The whole theme of the last decade or so (maybe more) has been about agility and techniques that enable agility. CI-CD, DevOps etc have become a critical feature of this, and yet I often see a lot of friction when it comes to deploying. There is a magical aura around deployment which makes it something special, and this impacts how many of our teams work in each of delivering software.
Why deploy fast
No matter how beautiful our system architecture, how elegant our code, and how solid our test suite – the only way we get to make an impact on our business and our customer’s lives is when we actually deploy code to production. Before deployment, code is just an intellectual exercise, like an interview question. Deployment turns this intellectual property into an economic proposition. So it seems like a no-brainer that we should be deploying code as fast as possible.

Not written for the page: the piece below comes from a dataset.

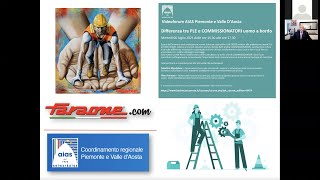 Webinar AIAS PIEMONTE con FARAONE Industrie sulle differenze tra Macchine Picking e PLE [upl. by Nappy201]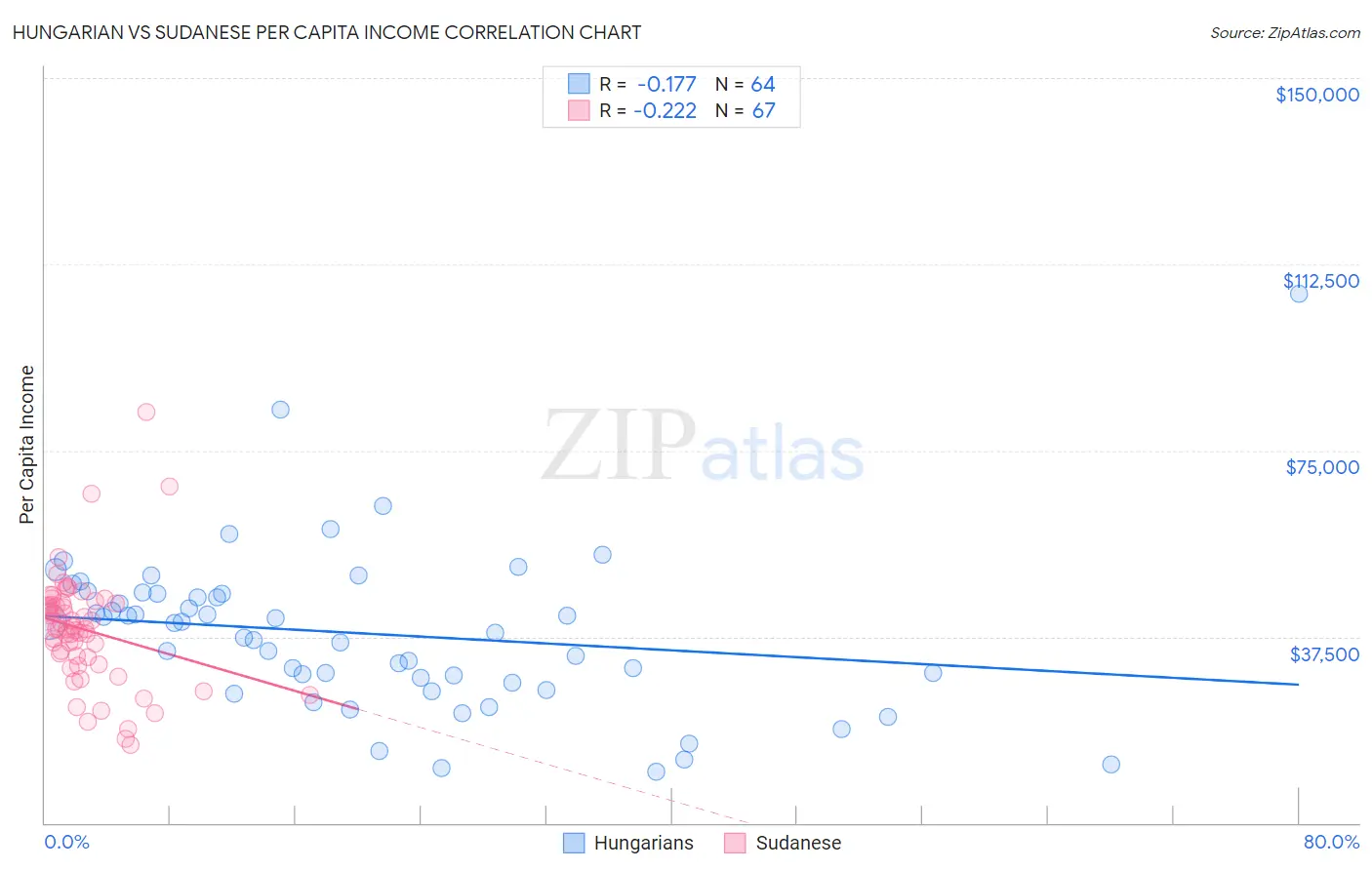 Hungarian vs Sudanese Per Capita Income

And yet engineering orgs struggle with this activity. It is a documented fact that the overwhelming majority of outages are a result of new changes deployed. This makes sense – if nothing changes, then things are far less likely to break down. So deploying code has obvious risks.
Most of the currently popular engineering practices are aimed at increasing the rate of software deployment while mitigating the risk of failure arising from this increased rate. Pretty much anything works at small scale and companies, but as the scale of the enterprise grows in terms of software or team size, context becomes increasingly important, and reverse engineering from development back to design/implementation can expose a lot of inefficiencies.
If we agree that deploying software fast with high quality is a worthy goal, then I want to apply a pipeline-like perspective to the process of delivering software so that we can identify bottlenecks and broaden them to make the process more efficient. Applying the Theory of Constraints means that we model the software delivery flow in reverse, identify the bottlenecks, and optimize them one after another.
Deployment causes outages
This is the most widespread argument against deploying changes to production and as I mentioned above, industry data supports this. It has therefore become the flagship argument for treating deployment as some type of sacred activity. However, there is a lot of subtext to this top-level problem that merits looking into.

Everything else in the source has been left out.